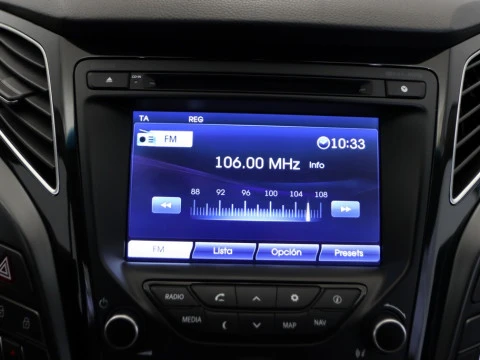 Hyundai I40 familiar 1.7 CRDI 136HP BLUEDRIVE TECNO XENON SKY 5P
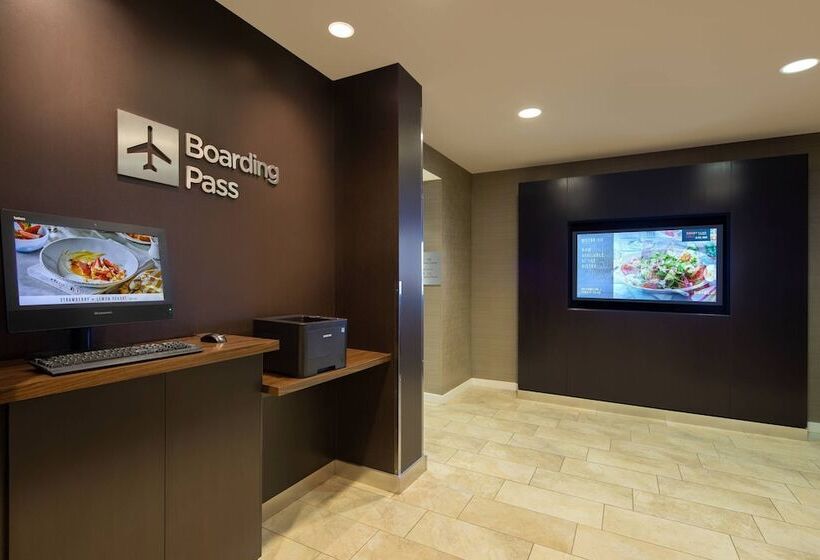 فندق Courtyard Grand Rapids Airport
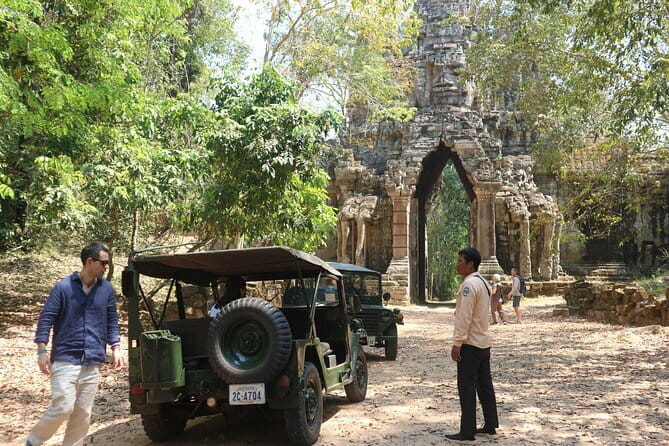Siem Reap: Private Custom Angkor Wat Tour with Local Guide - Key points to know before booking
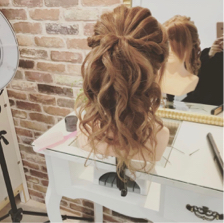 Aliray艾莉瑞新娘造型.美睫.形象設計.彩妝課程 - 馬尾造型 Aliray艾莉瑞新娘造型.美睫.形象設計.彩妝課程 - 馬尾造型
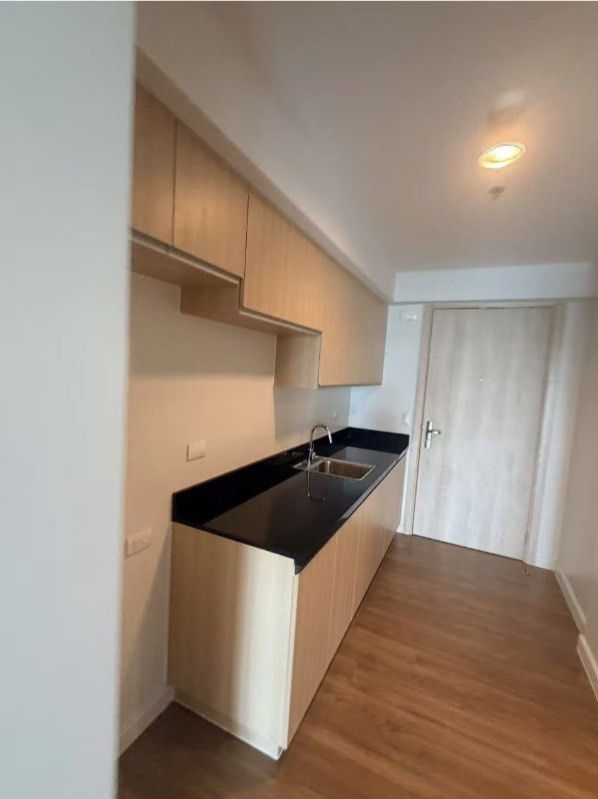 OREAN PLACE Studio for sale (Category: Apartments & Condos) located in Makati City. Submitted by realestate88 (Listing ID 1463893904, Image 2). Description: Orean Place,Vertis North Q.C Studio unit Unfurnished 33 sqm. Clean title 11M 1 bedroom (3 units available) 56 sqm. Unfurnished Clean title 15,980,000 Ruby Altiche Under licensed broker 09171190088.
* * *
• [WHAT YOU SHOULD DO]
Reproduce all of the entries word for word, skipping any pictures they hold.

• [RESPONSE BOX]
 Hyundai I40 familiar 1.7 CRDI 136HP BLUEDRIVE TECNO XENON SKY 5P
 فندق Courtyard Grand Rapids Airport
Siem Reap: Private Custom Angkor Wat Tour with Local Guide - Key points to know before booking
 Aliray艾莉瑞新娘造型.美睫.形象設計.彩妝課程 - 馬尾造型 Aliray艾莉瑞新娘造型.美睫.形象設計.彩妝課程 - 馬尾造型
 OREAN PLACE Studio for sale (Category: Apartments & Condos) located in Makati City. Submitted by realestate88 (Listing ID 1463893904, Image 2). Description: Orean Place,Vertis North Q.C Studio unit Unfurnished 33 sqm. Clean title 11M 1 bedroom (3 units available) 56 sqm. Unfurnished Clean title 15,980,000 Ruby Altiche Under licensed broker 09171190088.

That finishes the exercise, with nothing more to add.